PROBLEM DETAILS: Begin at the line below that holds "Wheel loader Terex TL 65" and end at the line that holds "Deer Creek Winery at Brooks Estate", transcribing each line exactly and skipping any picture.

GIVEN RECORDS:

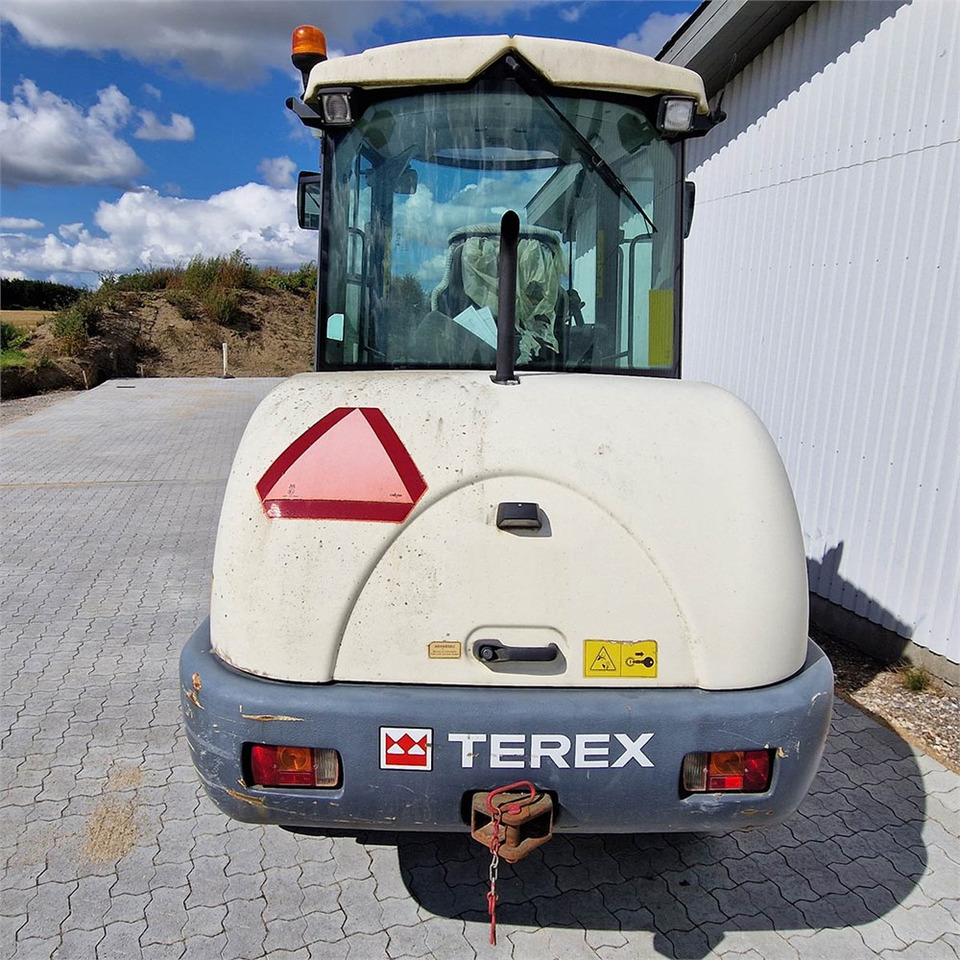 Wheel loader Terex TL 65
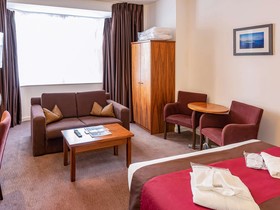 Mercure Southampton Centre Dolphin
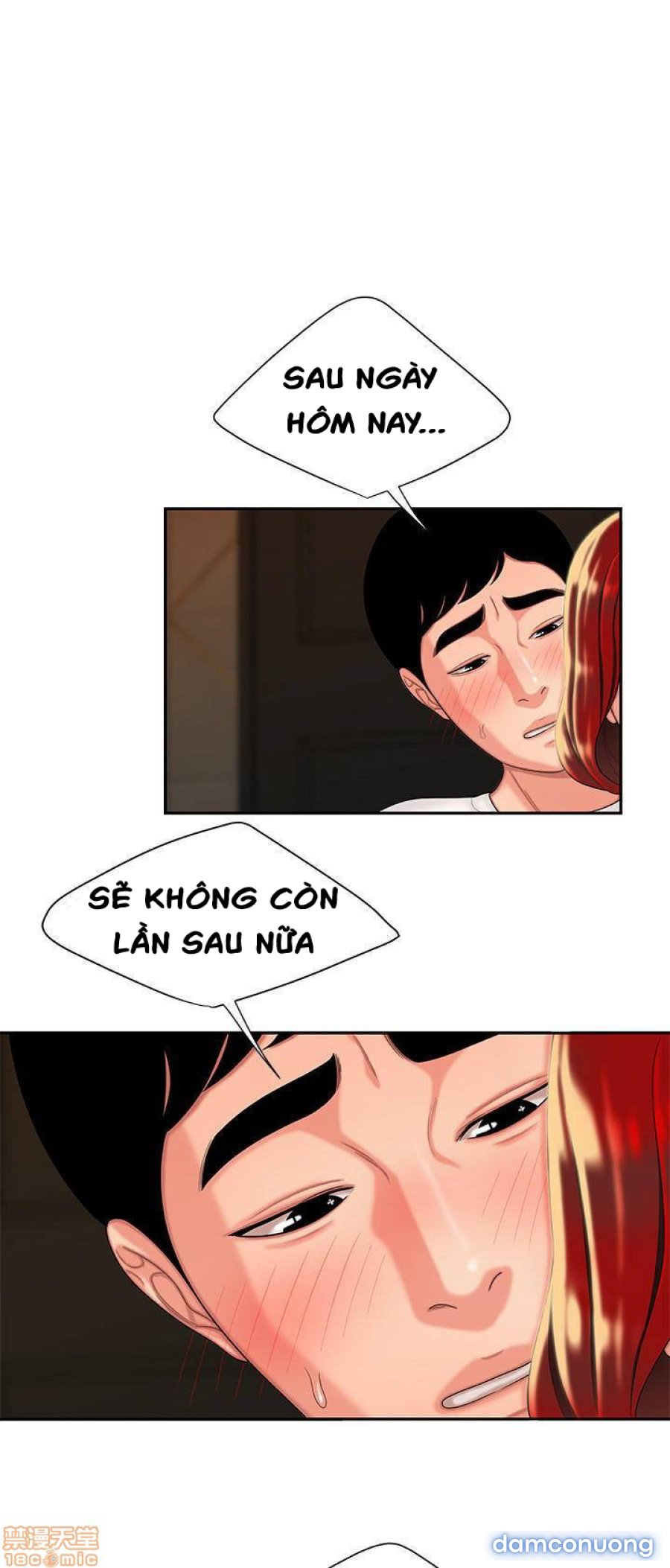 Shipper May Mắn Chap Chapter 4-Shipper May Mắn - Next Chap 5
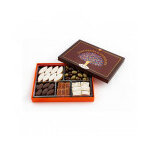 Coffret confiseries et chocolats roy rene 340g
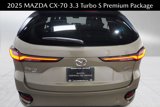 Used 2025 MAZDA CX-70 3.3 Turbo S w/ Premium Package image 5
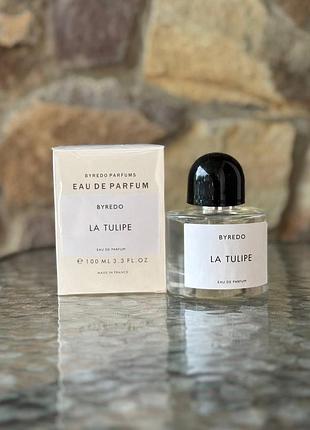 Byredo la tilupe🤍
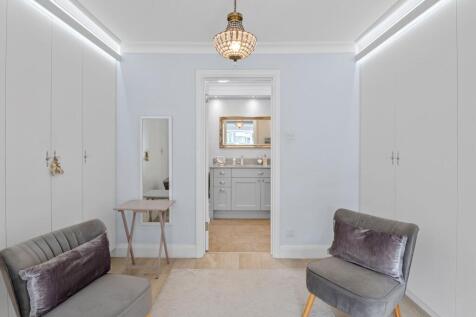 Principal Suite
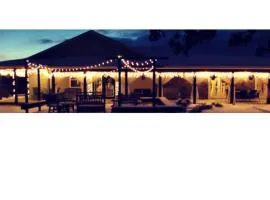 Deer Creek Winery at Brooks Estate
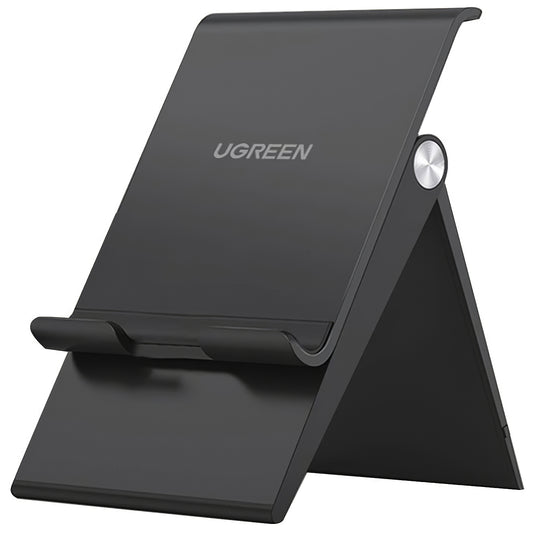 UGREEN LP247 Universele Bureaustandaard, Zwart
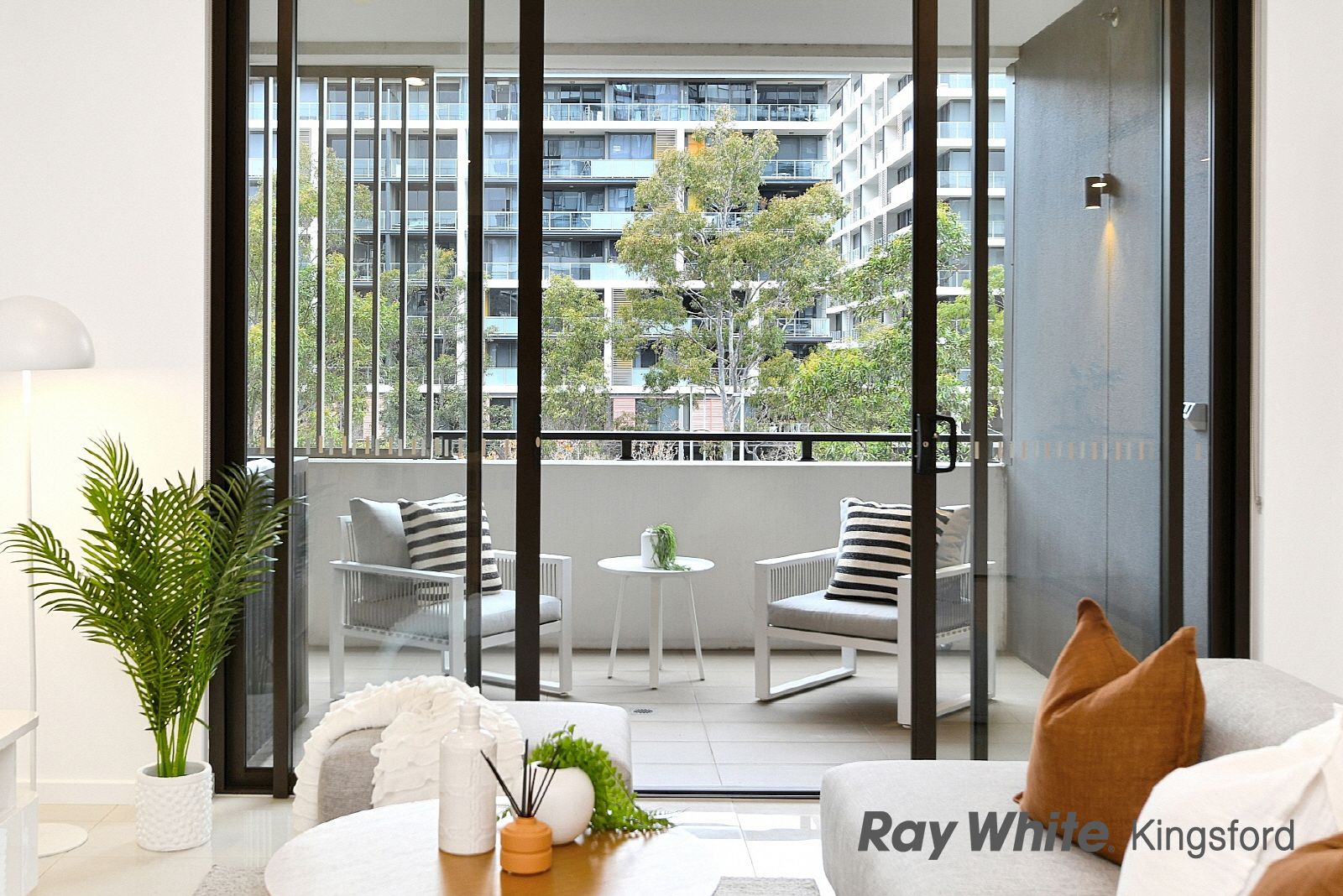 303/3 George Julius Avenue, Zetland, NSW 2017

==

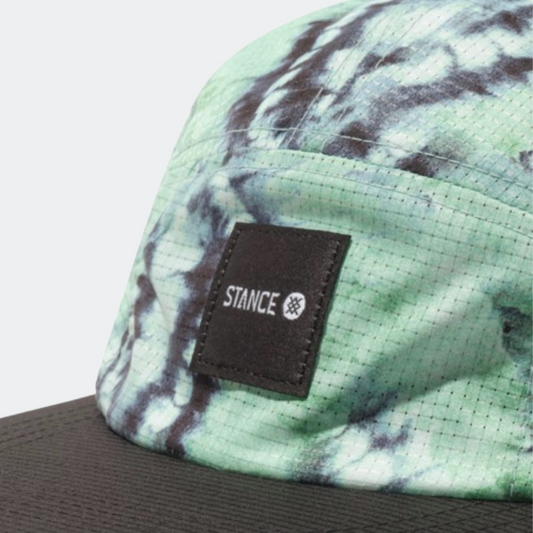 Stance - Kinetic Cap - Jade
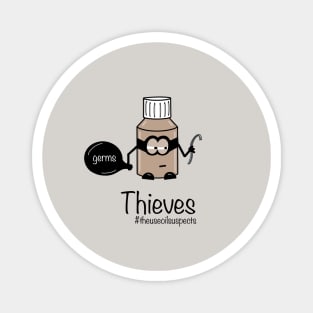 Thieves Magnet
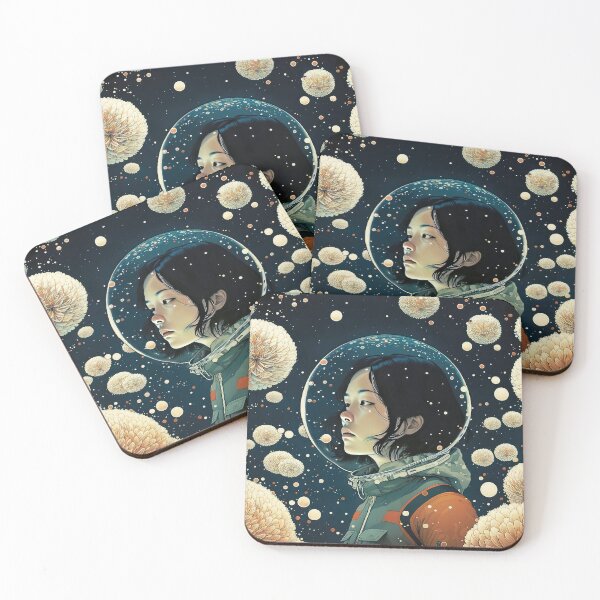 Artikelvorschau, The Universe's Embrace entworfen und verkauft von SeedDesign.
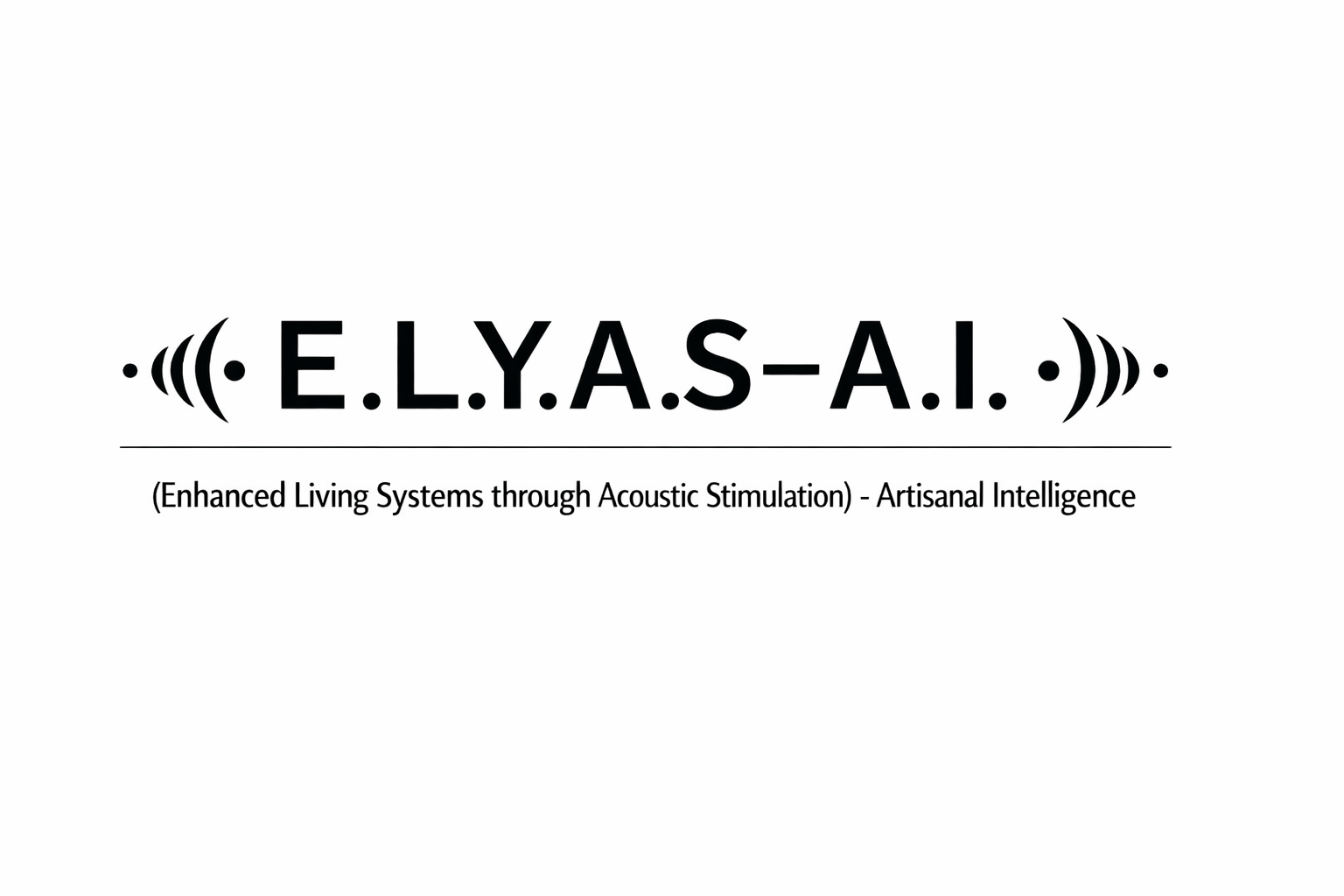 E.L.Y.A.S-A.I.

--

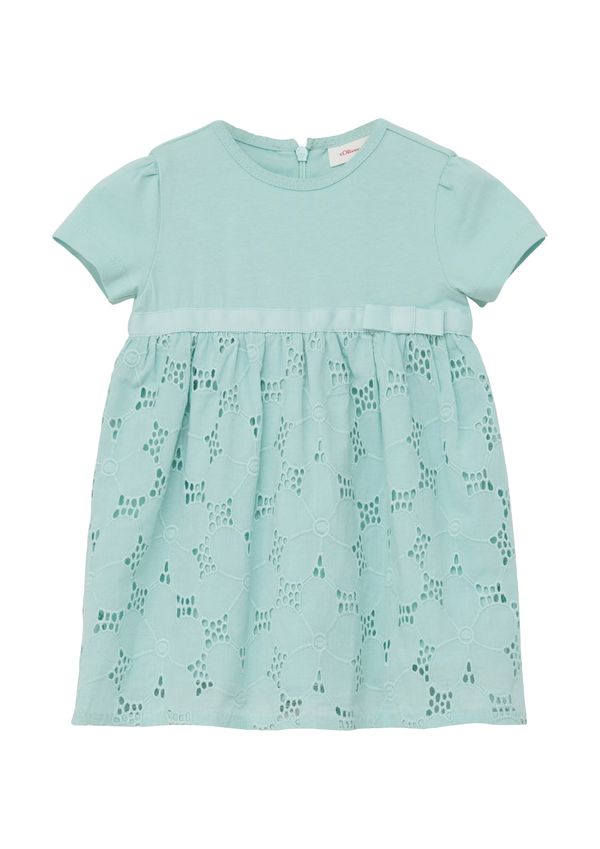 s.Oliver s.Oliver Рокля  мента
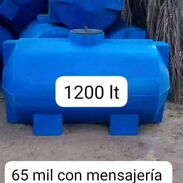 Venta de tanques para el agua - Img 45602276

SOLUTION TO THE PROBLEM:
 Wheel loader Terex TL 65
 Mercure Southampton Centre Dolphin
 Shipper May Mắn Chap Chapter 4-Shipper May Mắn - Next Chap 5
 Coffret confiseries et chocolats roy rene 340g
 Used 2025 MAZDA CX-70 3.3 Turbo S w/ Premium Package image 5
 Byredo la tilupe🤍
 Principal Suite
 Deer Creek Winery at Brooks Estate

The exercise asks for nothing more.